--SaaSは、日本では普及が進んでいないのではないか?

我々の日本市場からの売上げは、未だ全体の数%だが、急成長しており、潜在的な力は高い。インターネットの利用頻度に比例して、さまざまな事業機会が生まれる。その点、日本は世界的にインターネット産業で先行している国の一つであり、大きなチャンスがあると考えており、日本での売上げはさらに拡大すると期待している。我々がSaaSの領域に進出してから8年になるが、SaaSの発想は、日本企業に受け入れられるようになってきた。日本郵政、みずほフィナンシャル・グループ、損保ジャパンなど、顧客が増えている。

--日本市場全体をどうみているのか?

SaaSに対する意識は、日本と米国で、類似点もあれば異なる点もあるが、企業をとりまく環境の共通点としては、企業が迅速、機敏に動いて、事業を展開しなければならないことと、技術革新が求められていることだろう。日本市場で好ましいことは、品質に対して高い要求があることだ。セールスフォースは、SaaSベンダーとして、最も信頼性が高く、高速性もあると考えているが、この点で、当社は日本では抜群だったことから、日本の企業から高い評価を得られた。日本市場のような高い品質を求める市場があったのは、当社にとっては良いことだったと感じている。

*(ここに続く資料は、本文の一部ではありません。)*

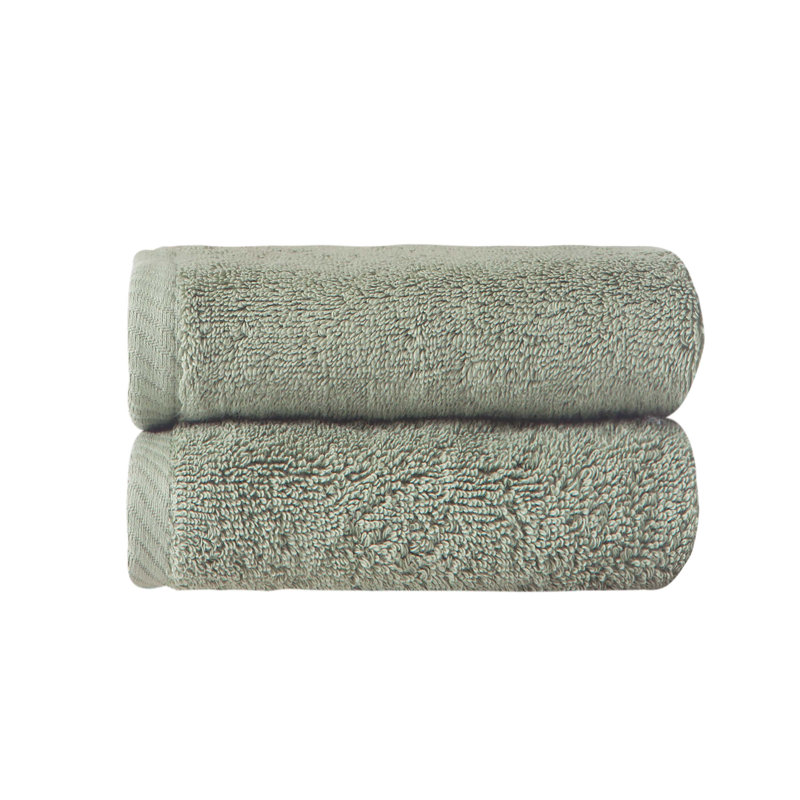 Dinis Turkish Cotton 2 Piece Hand Towel Set, Light Olive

--日本では、ソフトの価格より、安心感が重視されているのではないか?

当社が提供するSaaSでは、セキュリティであれ、性能であれ、決してオプションではないと認識している。それらは決してプレミアムで提供しているのではなく、最低限、このくらいはなければならないと考えて提供している。卓越したセキュリティを確保しているからこそ、セールスフォースは成功を収めている。

--日本には中小企業が多いがSaaSは、中小企業に適しているのか?

大企業、中小企業ともに、SaaS/PaaSは有益なモデルだといえるのではないか。当社は、ユーザーとなる企業が展開するビジネスの規模がどのくらいであっても、その大きさに応じた、最適なソフトウェア、サービスを要することができる唯一の企業だ。実際、売上げの比率は、大企業、中企業、小企業がそれぞれ1/3ずつになっている。自社内にソフトを保有する形式は、中小以下の企業にとって、コストの点で適切だとはいえない。